16.5.15

Y, para colmo, era jueves.

Era el día más caluroso del año. Las tierras se regaban solas con el sudor de los esclavos. Una señora mayor gustaba de pasear entre los jóvenes, esos que sudaban, maldecían, se deshacían. Es una costumbre tan vieja como yo, murmuraba para sí, y sólo me la quitarán cuando me despellejen y me retiren las tripas. Hacía tanto calor que juraba que podía notar cómo se le evaporaba el alma. Era el día más caluroso del año y ella tenía que esconder su pelo bajo un pañuelo.

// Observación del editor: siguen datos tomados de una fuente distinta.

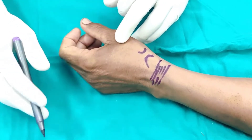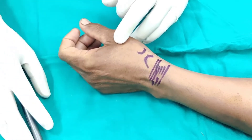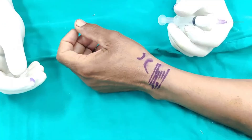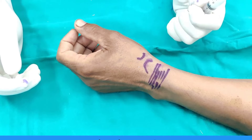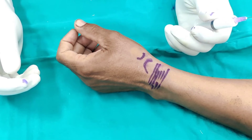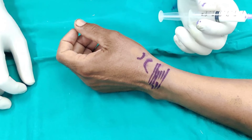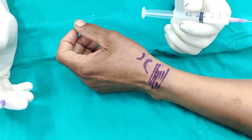Our aim is that we will be injecting just into the synovial sheath of the first compartment. I have taken 40 milligrams of depomedrone with 2 mils of 1% lignocaine. If you are doing it under ultrasound guidance, you can probably use less volume. Because we are doing it blind, I would like it to spread so that it covers the area of interest.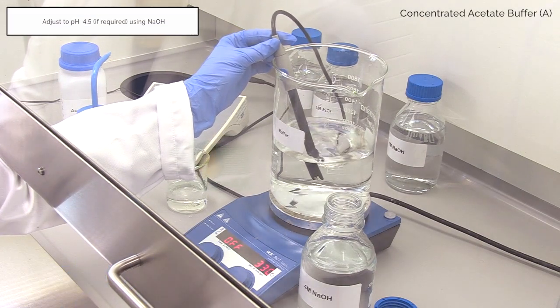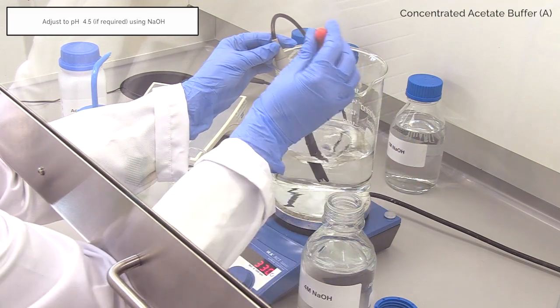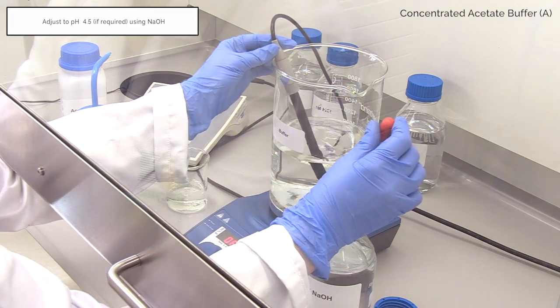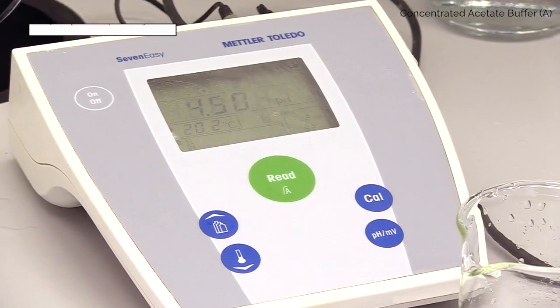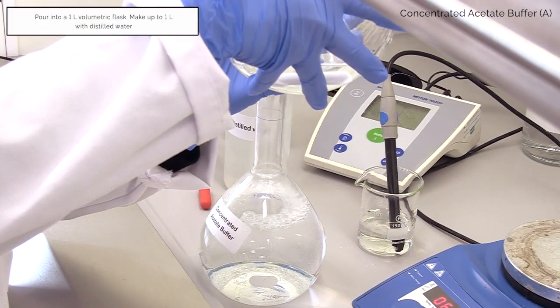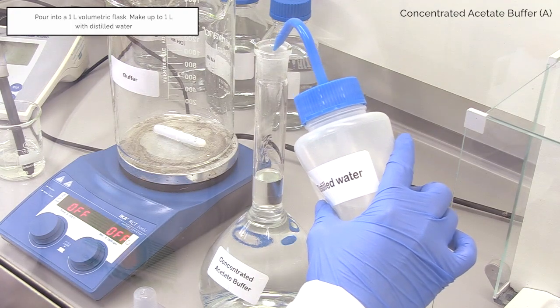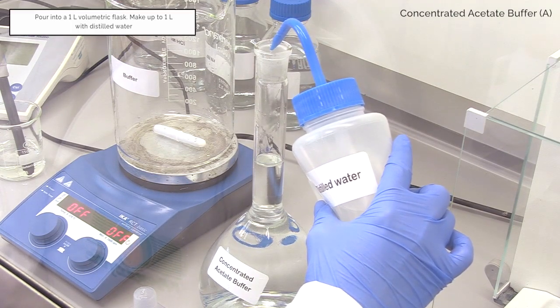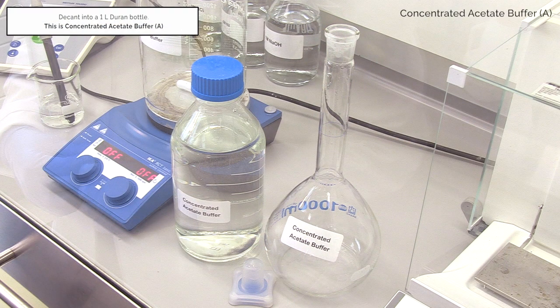Adjust the pH to 4.5 using 4 molar NaOH. Pour into a 1 litre volumetric flask and make up to 1 litre using distilled water. Decant into a 1 litre Duran bottle. This is concentrated acetate buffer A.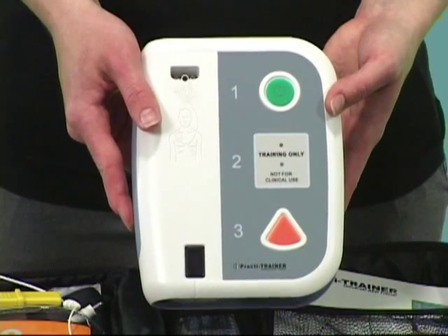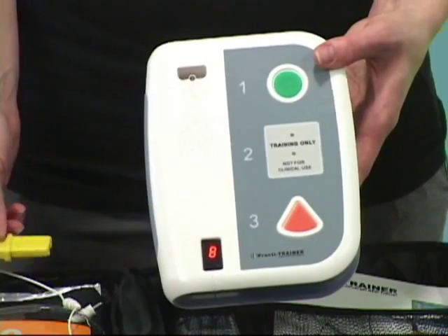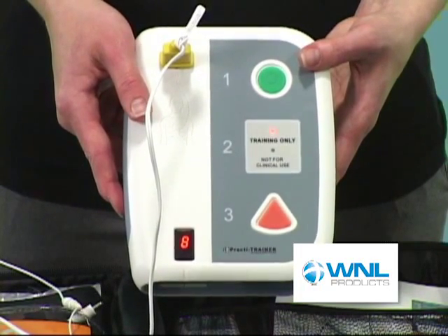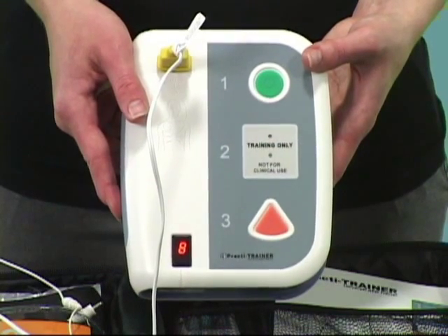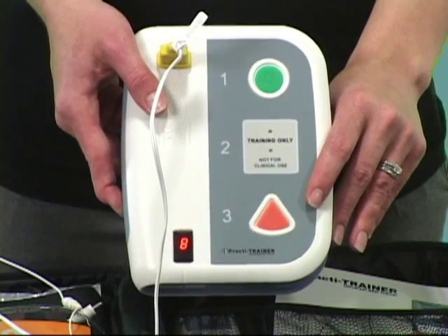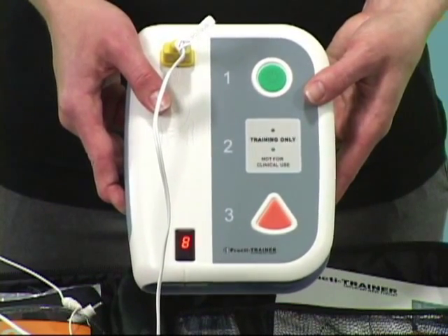Press the green button on the front and then just follow the prompts. Apply pads to patient's bare chest. Plug in pads connector. Analyzing heart rhythm. Do not touch the patient. Shock advised. Charging. Stay clear of patient. Deliver shock now. Press the orange button now. Shock delivered. Begin CPR.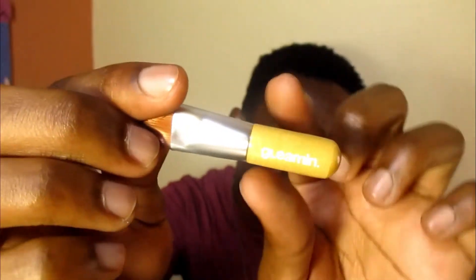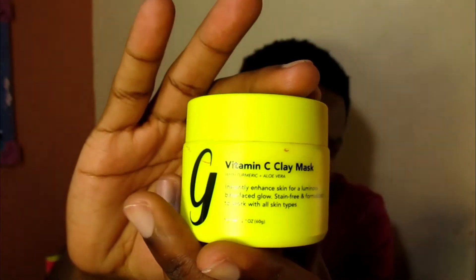In the box it comes with a little package with the brush, which I'm so glad about because I didn't have a face mask brush applicator — I normally use my silicone brush. It has their little Gleaming logo on there. Then we have the mask itself, which is pretty heavy for a little container — pretty hefty. It's a very bright yellow, almost a yellowish-orange color.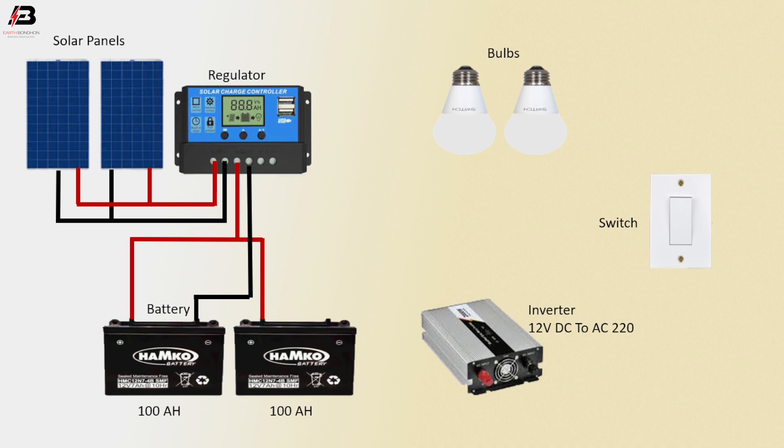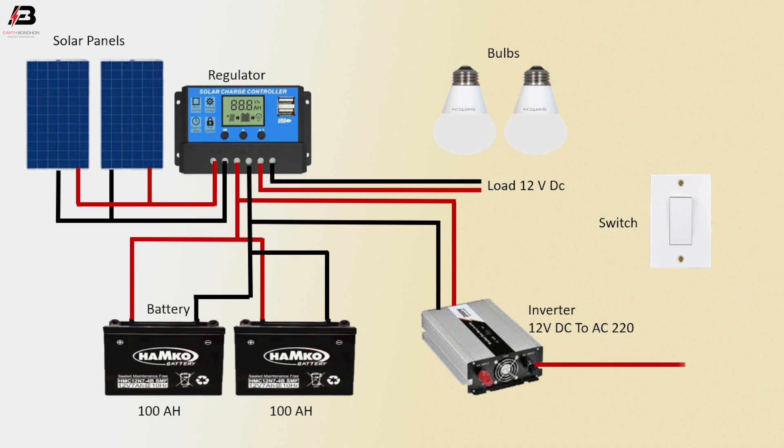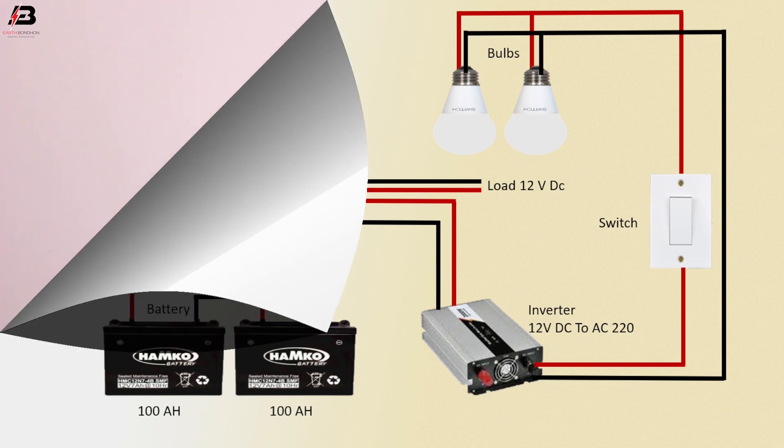Negative connection from regulator to connect battery one negative terminal and battery two negative terminal. Negative connection input to inverter. Positive connection input to inverter. Another positive connection and another negative connection for load. 12 volt DC output connection from inverter to switch. Output connection from switch to valve one and two terminal neutral.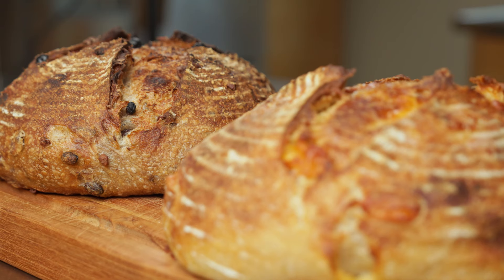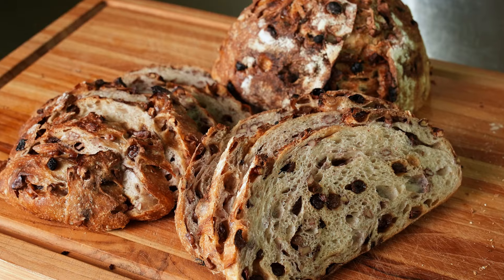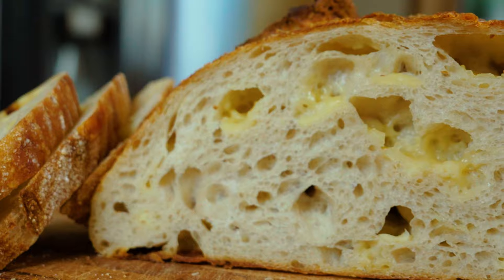Do you find that your crumb is tighter when you add inclusions to your sourdough? That's because different mix-ins do different things to your dough. Did you know that walnuts can sap moisture or cheese can lengthen the bulk fermentation time? I've made a one-page cheat sheet with tons of inclusion ideas, tips for prepping, and insight into how each one affects the texture and rise of your dough.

Los azadones bailaban torpes en las manos de hábiles mulatos. Ella se tostaba, pero sólo por dentro. Era una señora demasiado mayor perdiendo su alma por segundos. Pero era su costumbre, torturarse bajo el sol mientras se preguntaba unas cosas y se desrespondía otras. Los azadones bailaban torpes y ella sentía su ritmo y lo acompañaba con los pies y los esclavos no se daban cuenta, porque sudaban, maldecían, se deshacían. Y ella paseaba intentando no echar a perder los zapatos en la tierra, que estaba sucia, muy sucia. Se preguntaba qué habría hecho con los manteles de lino. También se preguntaba qué habría hecho cuando aún estaba vivo y se desrespondía que, si los muertos hablasen, ella no se preguntaría unas cosas ni perdería la cabeza por otras. Hacía tanto calor.
Hacía tanto calor y los jóvenes mulatos agarraban los azadones firmes, seguros, violentos. Había oído que así hacían otras cosas, de la misma manera, pero ella ya tenía unas cosas en la cabeza, demasiadas cosas en la cabeza, como para preguntarse por las otras cosas, aunque se hiciesen de la misma manera. Se le derretía el sentido y con los pies guardaba el mismo ritmo que sus negros con sus azadones y no lo sabía, no lo sabía nadie.
Y su marido muerto no pasaba calor porque estaba muerto. No se le descomponía el cerebro preguntándose unas cosas y torturándose con otras. Era el día más caluroso del año y nadie lo echaba de menos. Porque si ella no lo echaba de menos, nadie lo echaba de menos. Tantas veces tantas palabras volaban las mismas en su cabeza que se la sentía estallar. Juraba que estallaría. Y ese calor horrible que la iba evaporando no se quería ir. Ese calor cruento. Ese calor horrible estaba cogiendo la costumbre tan vieja como fea de no dejarla pensar y si ella no pensaba, tal vez se moriría, como su marido, que no pasaba calor y que no pensaba porque estaba muerto. Y si ella no pensaba, y si ella se moría, ella no se preguntaría jamás nada, y no se desrespondería unas cosas ni se estrujaría los sesos con otras. No se volvería loca y no podría seguir el ritmo de los negros con sus terribles azadones con los pies y no podría bailar al son de una vida que le había llegado por casualidad, que se le escapaba por necesidad y que vivía por no morirse, porque los muertos no pasan calor, no se preguntan cosas, no se vuelven locos.
Era el día más caluroso del año y de la tierra sólo subía calor y ese calor era sanguinario, porque circulaba en su sangre, porque se le metía dentro de los zapatos, que estaban hechos una pena porque la tierra estaba sucia, muy sucia, y dentro de los pies, que se movían sin remedio, sin prisa, sin pausa. Y los manteles blancos de lino deberían estar colgando de una cuerda, desde un árbol hasta otro árbol, desde unas cosas hasta otras cosas, arrastrando, barriendo una pequeña parte de sus tierras sucias. Se preguntaba por los manteles y se preguntaba por la vida, porque no la entendía.